[RECORDED DATA Boundary: Start]

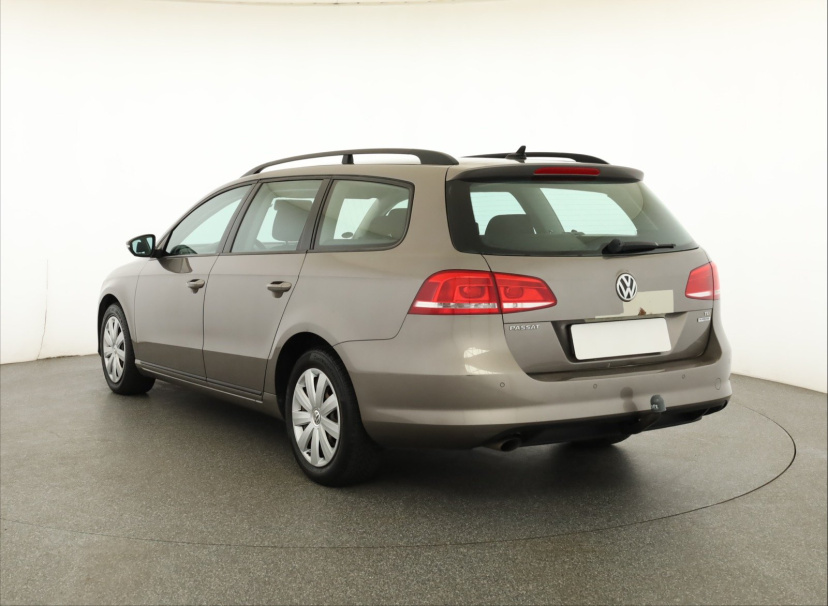 Volkswagen Passat, 2012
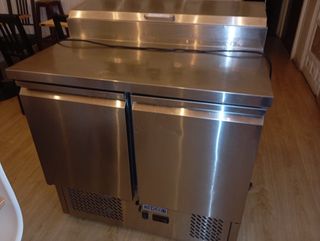 Mesa fría 2 puertas c/bandeja Cómo nueva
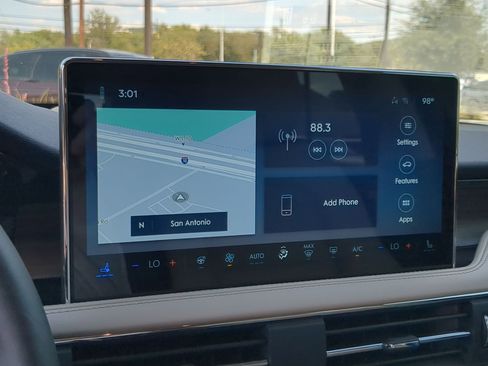 New 2026 Lincoln Corsair Reserve image 15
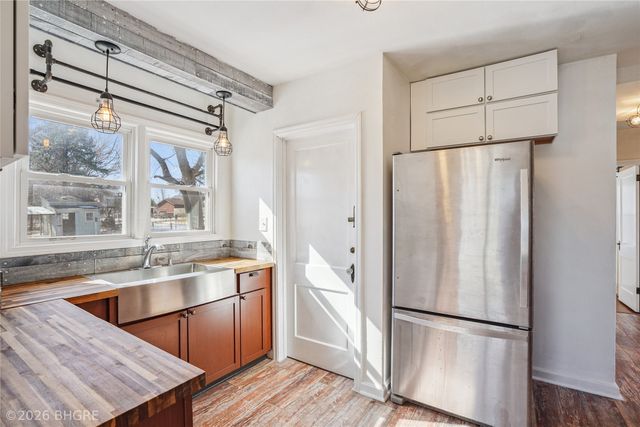 2008 Southlawn Drive, Des Moines, IA 50315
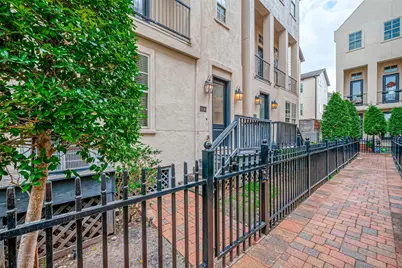 2520 Sherwin Street, Houston, TX 77007 - Photo 1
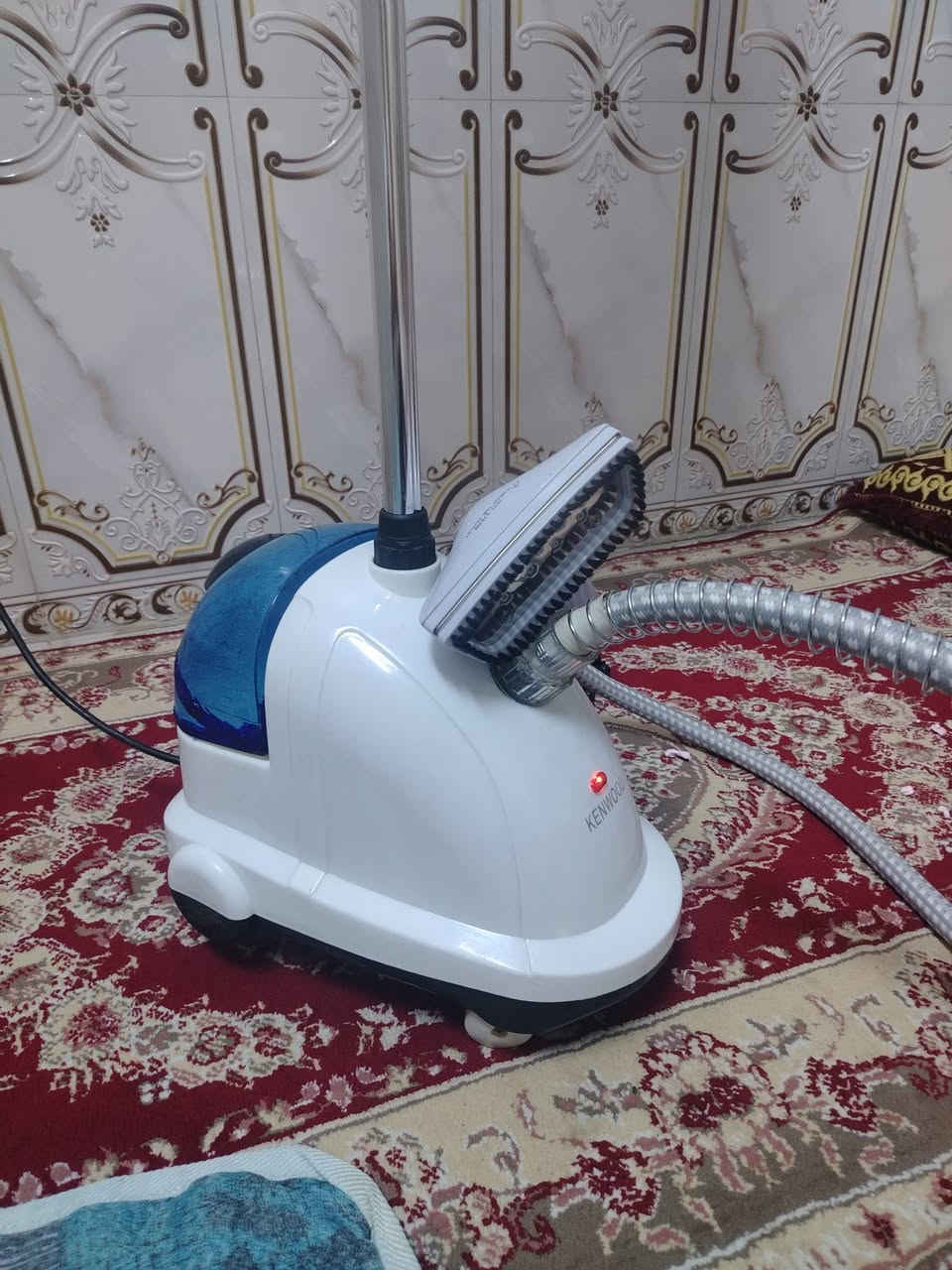 مكوه بخاري جديد فقط بيه لحيم بسيط بالدبه مال الماي شغال ماخذه ٥٠ قبل أسبوعين الباب الأول بيع ٣٥ بدون عمله الي يريده يتفضل خاص هاتف*********** بيه واتساب الرقم
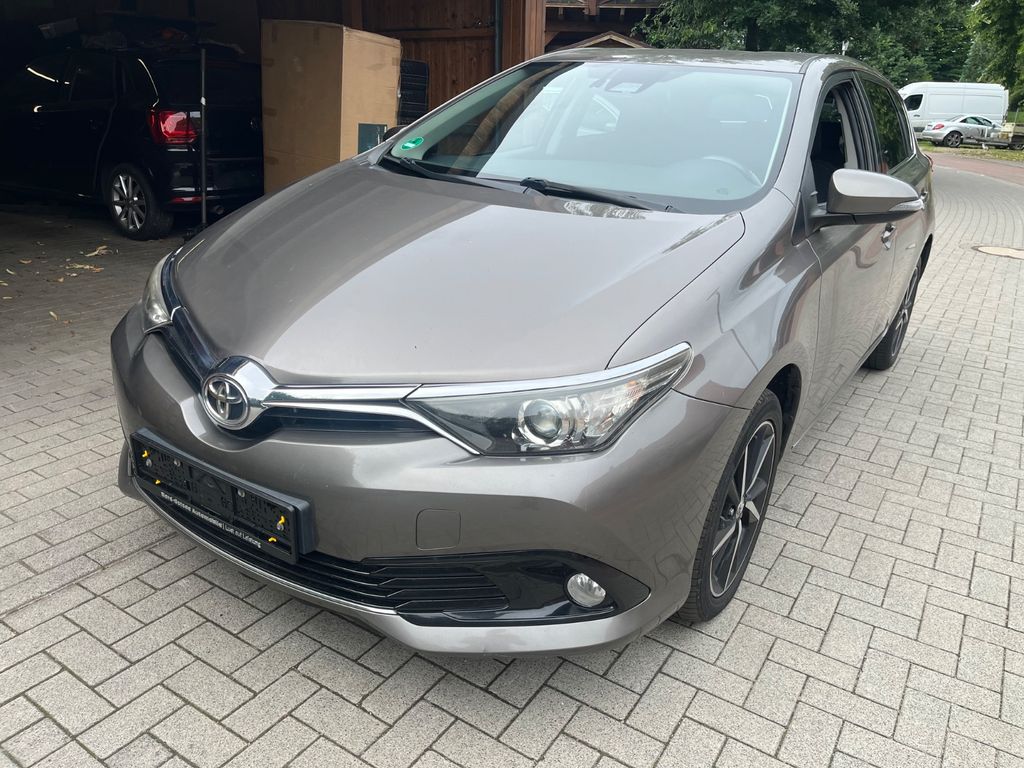 Bild des Angebotes Toyota Auris Edition-S+ 1,6-l-D-4D S/S Edition-S+ 136Tk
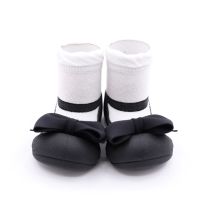 Attipas Cipelice Mary Jane Black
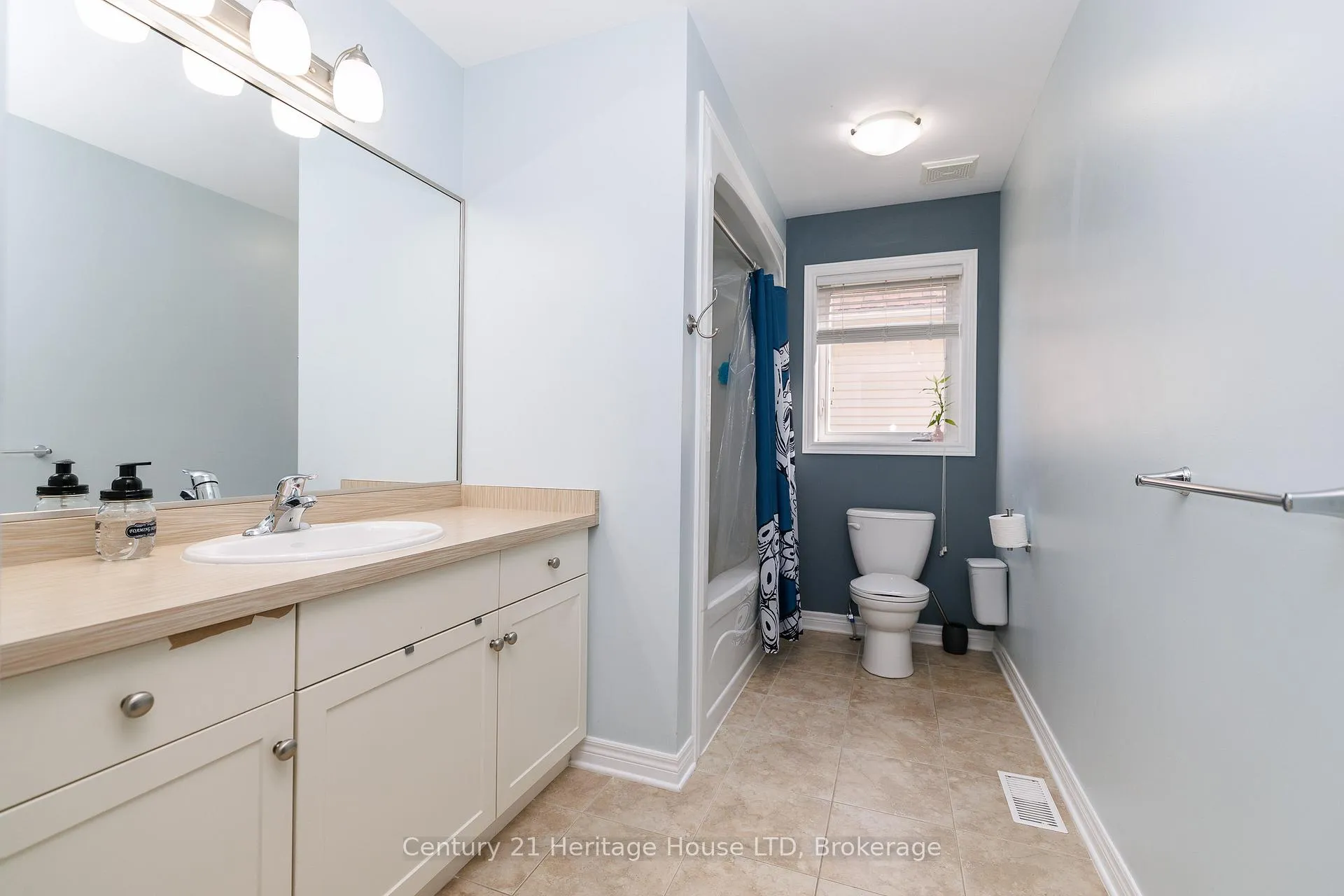 Photo 26 of 263 Empress Avenue, Welland, Lincoln/Crowland — HOMEH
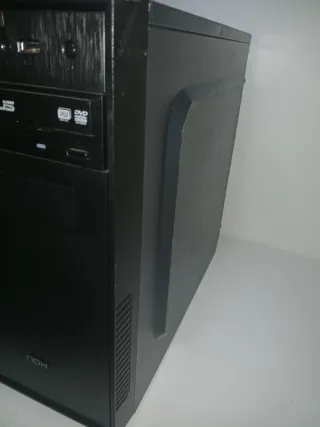 Torre PC ASUS Negra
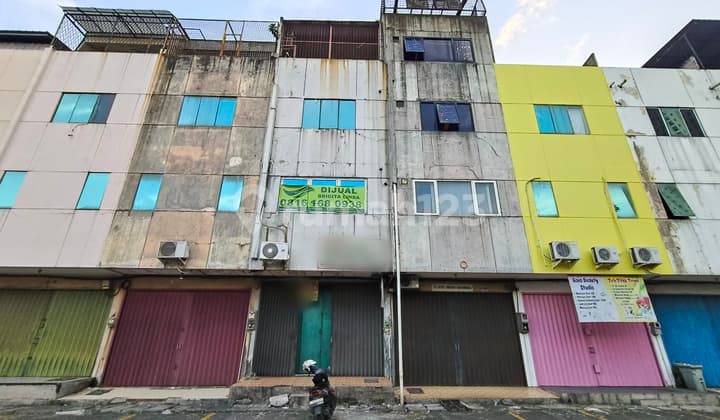 Permata Ancol, Facing the Road, Able to Load and Unload Containers in Front of the Shop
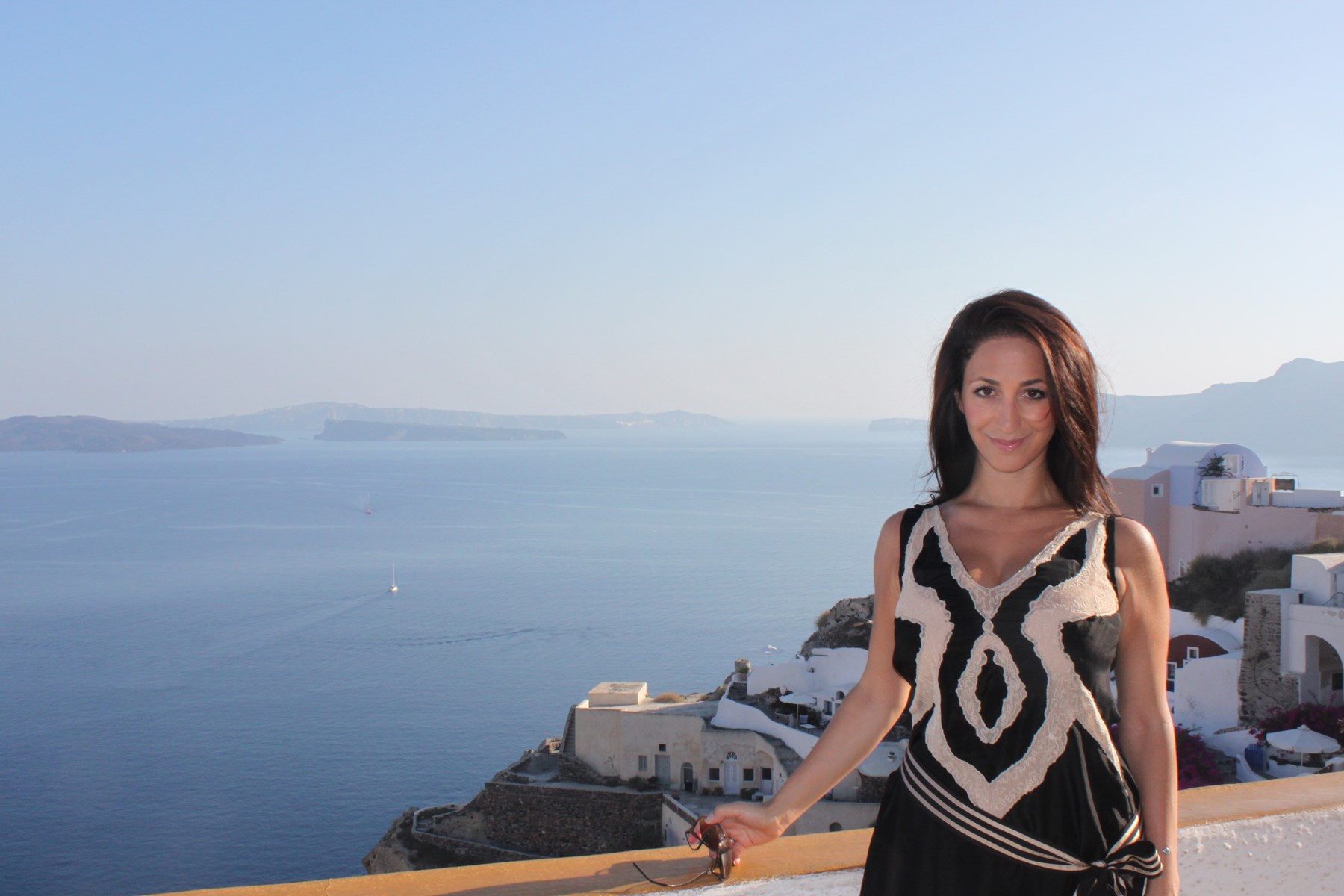 Obituary of Loura Laresa Alaverdi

[RECORDED DATA Boundary: End]

PROBLEM REQUIREMENTS ::
Return exactly, and only, the lines that run from the line containing "Bild des Angebotes" to the last line of the entries above, both ends included, with pictures left out.

WRITTEN REPLY ::
 Bild des Angebotes Toyota Auris Edition-S+ 1,6-l-D-4D S/S Edition-S+ 136Tk
 Attipas Cipelice Mary Jane Black
 Photo 26 of 263 Empress Avenue, Welland, Lincoln/Crowland — HOMEH
 Torre PC ASUS Negra
 Permata Ancol, Facing the Road, Able to Load and Unload Containers in Front of the Shop
 Obituary of Loura Laresa Alaverdi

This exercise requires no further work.